Interview with Mary Ellin Lerner, Author of Sober Heart: Reflections on Life and Love in Recovery

October 6, 2019 at 4:10 pm 1 comment

Sober Heart Cover

Mary Ellin Lerner is a journalist, blogger and author of the recently-published Sober Heart, a delightful collection of essays, meditations, and musings on her sometimes difficult, often amusing, always honest and heartfelt, and ultimately successful road to recovery from addiction. She is also a devoted mother, a dog-lover, a singer, and a very good friend. She recently agreed to answer my questions about her road to recovery, and her new book, which can be purchased at the wonderful Politics & Prose bookstore in Washington, D.C. (And can be mail-ordered from them by clicking here.) Our interview, which follows, was conducted via e-mail.  

Janet: Can you describe briefly how you realized you were addicted and that you needed help? Was there one crystal-clear moment of truth? Or was it more an evolving awareness? Once you knew you needed to do something, how did you take your first steps toward recovery? 

Mary Ellin: I think my awareness of my own addiction was a gradual thing. For years I had been a moderate drinker; indeed there were years when I drank very little at all. And then in my late 40s I began to notice that I was drinking every night, the amounts were increasing, I was becoming dependent on the feeling of being high every night, and alcohol was having a debilitating effect on me mentally and physically. So basically I was moving from what was considered acceptable drinking in our drink-friendly society and what was physically and emotionally manageable for me to a level of drinking that was not acceptable, because it made me unable to function very well. And it was more than I could handle both physically and emotionally. At that point I was consuming almost two bottles of wine a night.

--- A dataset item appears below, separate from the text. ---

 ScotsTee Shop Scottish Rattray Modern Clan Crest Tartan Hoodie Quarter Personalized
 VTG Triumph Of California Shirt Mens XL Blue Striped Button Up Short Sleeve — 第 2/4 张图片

I have a dear friend who passed away recently who used to call me a “white wine lady.” He was someone who drank hard liquor alcoholically in large amounts for almost forty years, and he would tease me about not being a very impressive alcoholic. But it isn’t about the flavor or the amount. It’s about the fact that you can’t stop, and you can feel the substance taking over your life, and hurting you and those around you.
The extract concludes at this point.